If you change the password for the access database set that also. See Access help files for information on changing a database password.

EX:)
ConnPasswords_RuntimePassword = "Xpass"
BTW.. That is a capital "X" and the rest is lower case.
If running NT make sure the Database or Database Directory has
Change permissions for the anonymous webserver account or you will get errors like.

[Microsoft][ODBC Microsoft Driver] Not a valid password.

This error is because the database could not be opened so it gives back this error message that ends up confusing everyone. Anyway if you see this error it is because the permissions have not been set.
Here is some additional info you might like to know.
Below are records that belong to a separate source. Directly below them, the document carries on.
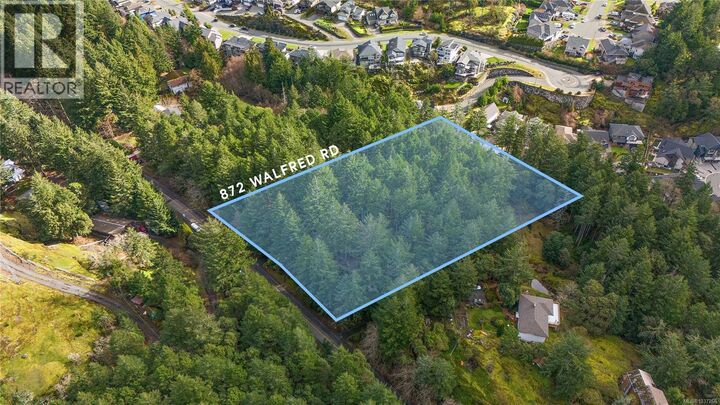 Property Photo:  872 Walfred Road  BC V9C 2P2 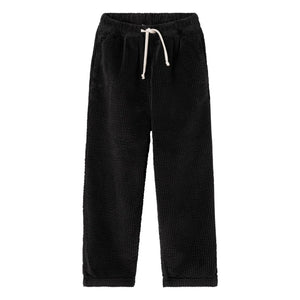 American Vintage - Padow Cordhose aus Bio-Baumwolle | Schwarz
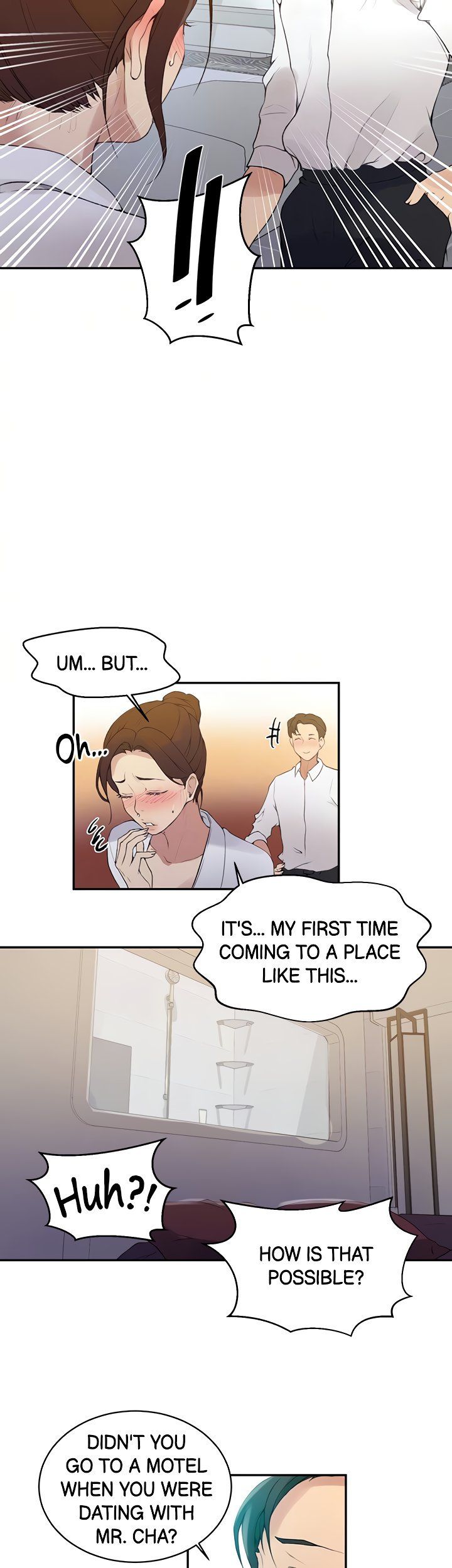Secret Class Chapter 142 - Page 20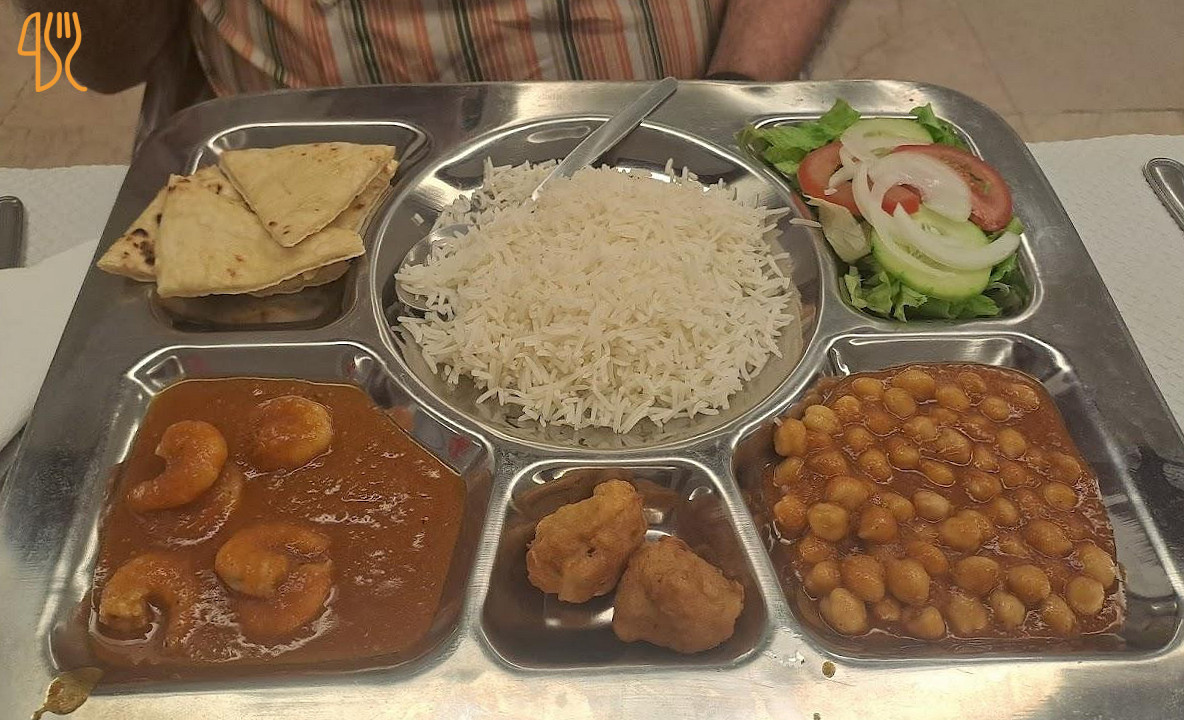 Da Mesquita Comida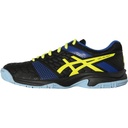 ASICS GEL BLAST 7 GS - BLACK / SOUR YUZU (ENFANT)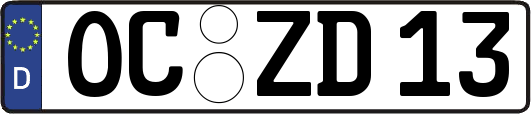 OC-ZD13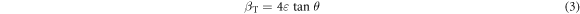Equation (3)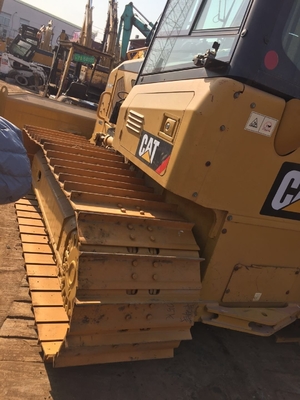 CAT D5K Mini Originale Japonaise Machine de Construction Bulldozer avec 4m3 Capacité de Dozing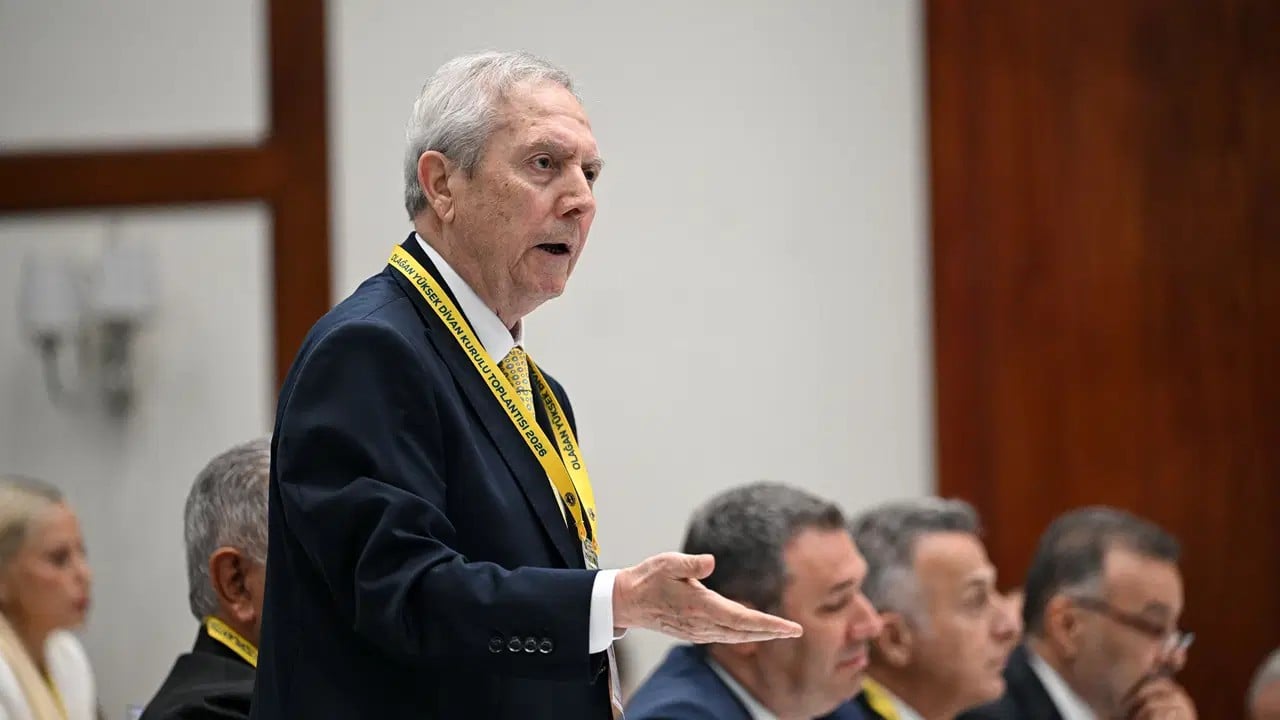 Aziz Yıldırım büyük gelişmeyi duyurdu: Bu hafta bitiriyoruz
By default there are 2 sample users.

ADMINS can add and remove other ADMINS...   You could easily modify the way all that works, but that is how I made this for now.

This is an Admin account. (Admins have access to the admin area.)
username test
password test

This user has Basic access. (A basic user can not access the admin area.)
username joe
password test

Use the Admin account to get into the Admin Area and manage users.
If you lose Admin access because you unchecked it or forgot the password
you will have to open the database up via Microsoft Access and add
Admin access to an existing user in order to gain access to the Web Admin again.
After a user logs in there are variables that you can always access.
They can be used to check various things or to display information
dynamically based on who has logged into the system.

Session("PASSWORDACCESS")
Session("FULL_NAME")
Session("PASSWORD")
Session("USERNAME")
Session("ADMIN")

You can display them on a page using Response.Write like so

<% Response.Write(Session("FULL_NAME")) %>

or like this

<% = Session("FULL_NAME") %>


Disclaimer... PowerASP and Chris Williams make no guarantee about the security this script offers. Use this at your own risk. To the best of knowledge it is very secure, but that doesn't mean there isn't a bug or some hacker will never find a way into it. We recommend you rigorously test it and change the password on the Access database before you start using this. That way if someone downloads your database they will a hard time getting anything useful out of it especially since the database supplied with this download is also encrypted. If you really want secure password protection you should port this to a SQL database.